B. LES QUESTIONS SOULEVÉES PAR LA MISE EN PLACE DES AUTOROUTES DE LA MER

Dans son rapport précité, Henri de Richemont a montré le défi que représente la mise en place des autoroutes de la mer.

Rappelant que les autoroutes de la mer s'adressent principalement aux chargeurs, logisticiens de transport et transporteurs routiers, il estime que ce marché très diversifié n'est absolument pas demandeur de la mise en place de ce type de liaison maritime. En effet, « les logisticiens de transport et les transporteurs routiers ne sont pas prêts à dégrader le taux de service pour utiliser un mode de transport alternatif car les chargeurs, c'est-à-dire les clients, ne veulent à aucun prix une dégradation du service ».

Il considère néanmoins que « si le marché n'est pas demandeur, il est preneur d'un service existant à partir du moment où celui-ci offre toute sécurité en ce qui concerne la qualité de ce service ».

Pour Henri de Richemont, « c'est bien une politique de l'offre qui conditionne la crédibilité et le succès des autoroutes de la mer car s'il n'y a pas d'offre crédible, il ne peut y avoir d'intermodalité ». D'autre part « seule la volonté politique permet de créer l'offre en ouvrant une autoroute maritime.
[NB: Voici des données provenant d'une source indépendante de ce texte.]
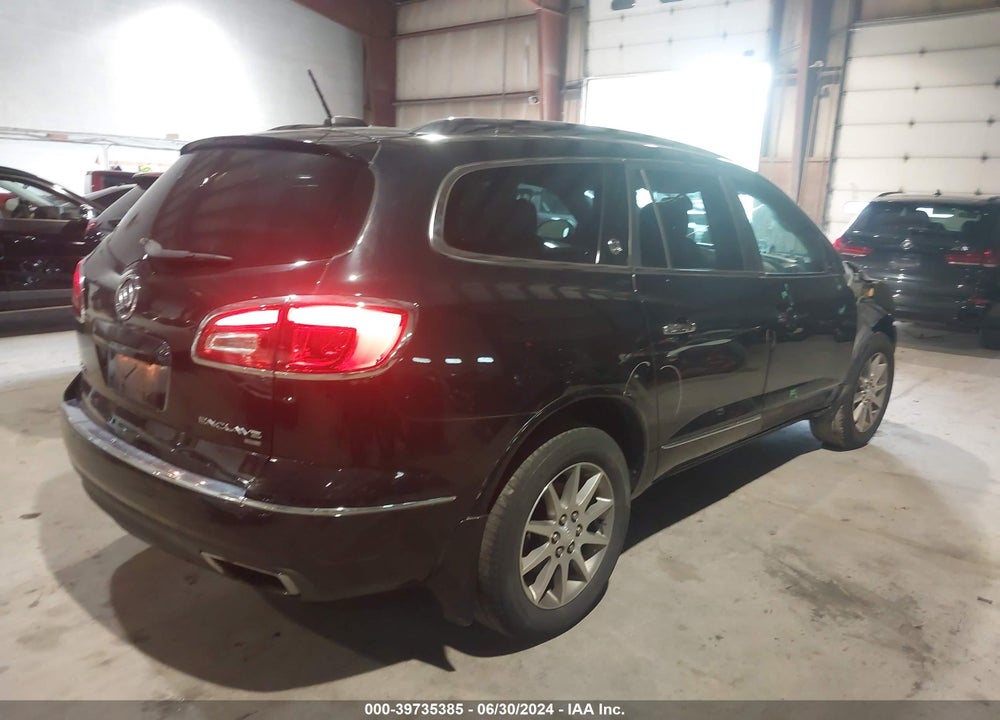 2017 BUICK ENCLAVE LEATHER VIN: 5GAKVBKD9HJ140898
Cela n'est toutefois pas suffisant car cette autoroute maritime ne peut être un succès que si elle remplit les conditions requises par le marché ».

Partant de ce constat, le rapport de Richemont énumère les conditions nécessaires pour le succès des autoroutes de la mer . Elles sont, de son point de vue, au nombre de huit :

- la qualité du service doit être assurée par la régularité et la fréquence ;

- le coût ne doit pas être supérieur à celui du transport terrestre ;

- le choix des navires doit être adapté aux conditions de navigation sur la liaison considérée, particulièrement en ce qui concerne le golfe de Gascogne ;

- le navire roulier doit pouvoir charger aussi bien des véhicules accompagnés que des remorques non accompagnées ;

- l'opérateur doit éventuellement pouvoir acheminer les conducteurs des véhicules autrement que par la voie maritime (par exemple par voie aérienne) ;

- la législation sociale doit être amendée pour ne pas comptabiliser en temps de travail le temps passé par un conducteur sur un navire roulier ;

- le transit portuaire doit être facilité et son coût réduit ;

- il faut mettre au point un document unique pour le transport multimodal en Europe.

Enfin, Henri de Richemont considère « qu'il n'est pas possible de créer une autoroute de la mer crédible, viable et pérenne s'il n'y a pas une volonté politique de l'Etat d'une part, d'inciter chargeurs et transporteurs routiers à utiliser la voie maritime et, d'autre part, de faire en sorte que la route ne soit pas toujours moins chère que la voie maritime ».

Il estime également que les deux programmes communautaires mobilisables en soutien aux autoroutes de la mer, Marco Polo II (subventions d'exploitation aux opérateurs afin d'encourager le transfert modal sous forme d'une aide au démarrage du service) et RTE-T (subventions aux Etats ou aux sociétés réalisatrices pour des infrastructures non mobiles), sont insuffisants. Il serait ainsi nécessaire, à ses yeux, de pouvoir subventionner l'acquisition des navires, mais également de mettre en place de véritables incitations financières à privilégier la voie maritime par rapport au mode routier.